Mounted at /content/gdrive/


In [3]:
# import sys
# sys.path.append('/content/gdrive/MyDrive/function_predictor/code/')

In [4]:
device = torch.device("cuda" if torch.cuda.is_available() else "cpu")

In [5]:
class StandardScaler:
    """A :class:`StandardScaler` normalizes the features of a dataset.

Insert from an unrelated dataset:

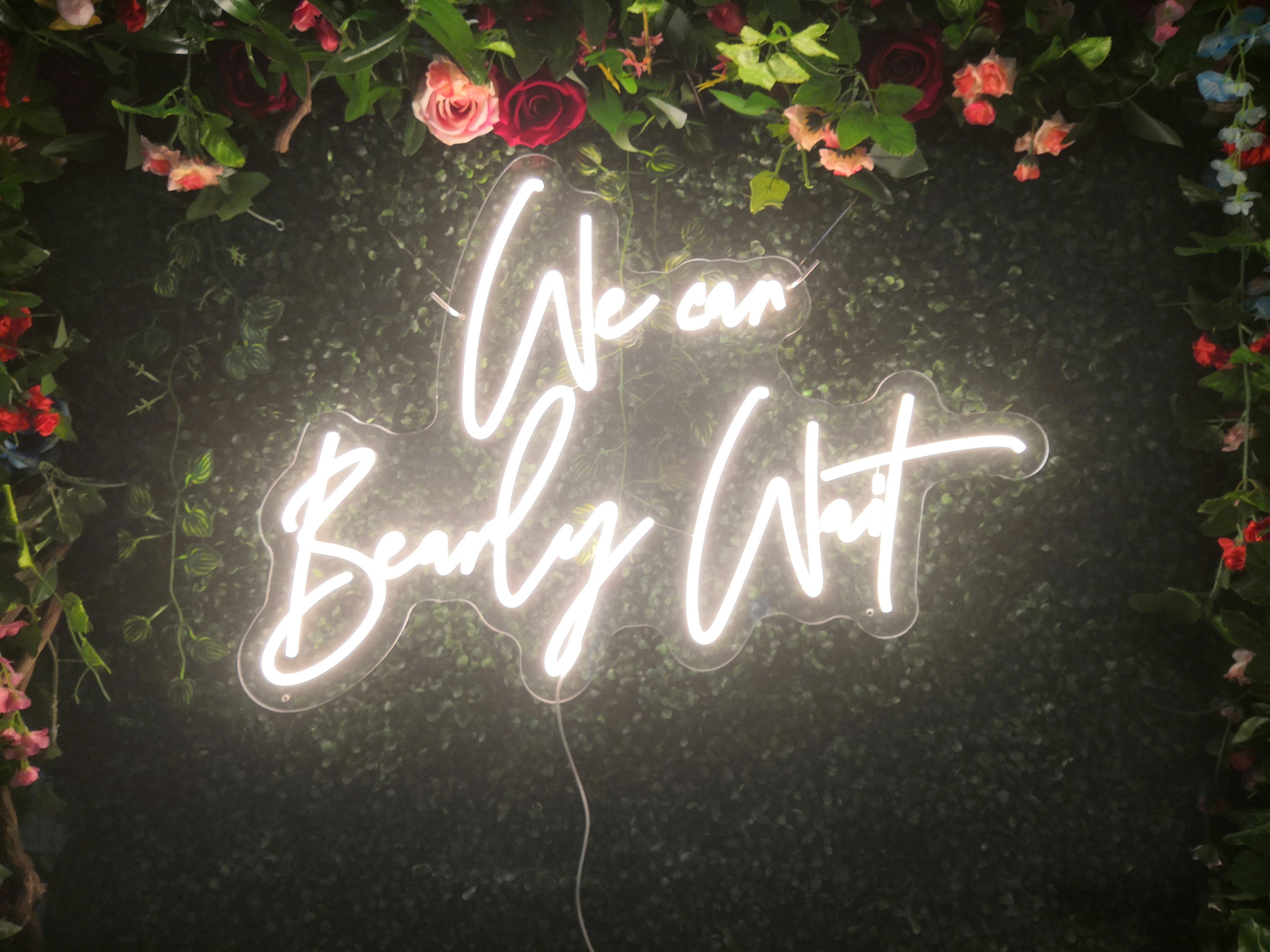 We Can Bearly Wait LED Neon Sign - 15.7x8.7 Inch Baby Shower Or Nursery Wall Decor (Warm White)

    When it is fit on a dataset, the :class:`StandardScaler` learns the mean and standard deviation across the 0th axis.
    When transforming a dataset, the :class:`StandardScaler` subtracts the means and divides by the standard deviations.
    """

    def __init__(self, means: np.ndarray = None, stds: np.ndarray = None, replace_nan_token: Any = None):
        """
        :param means: An optional 1D numpy array of precomputed means.
        :param stds: An optional 1D numpy array of precomputed standard deviations.
        :param replace_nan_token: A token to use to replace NaN entries in the features.
        """
        self.means = means
        self.stds = stds
        self.replace_nan_token = replace_nan_token

    def fit(self, X: List[List[Optional[float]]]) -> 'StandardScaler':
        """
        Learns means and standard deviations across the 0th axis of the data :code:`X`.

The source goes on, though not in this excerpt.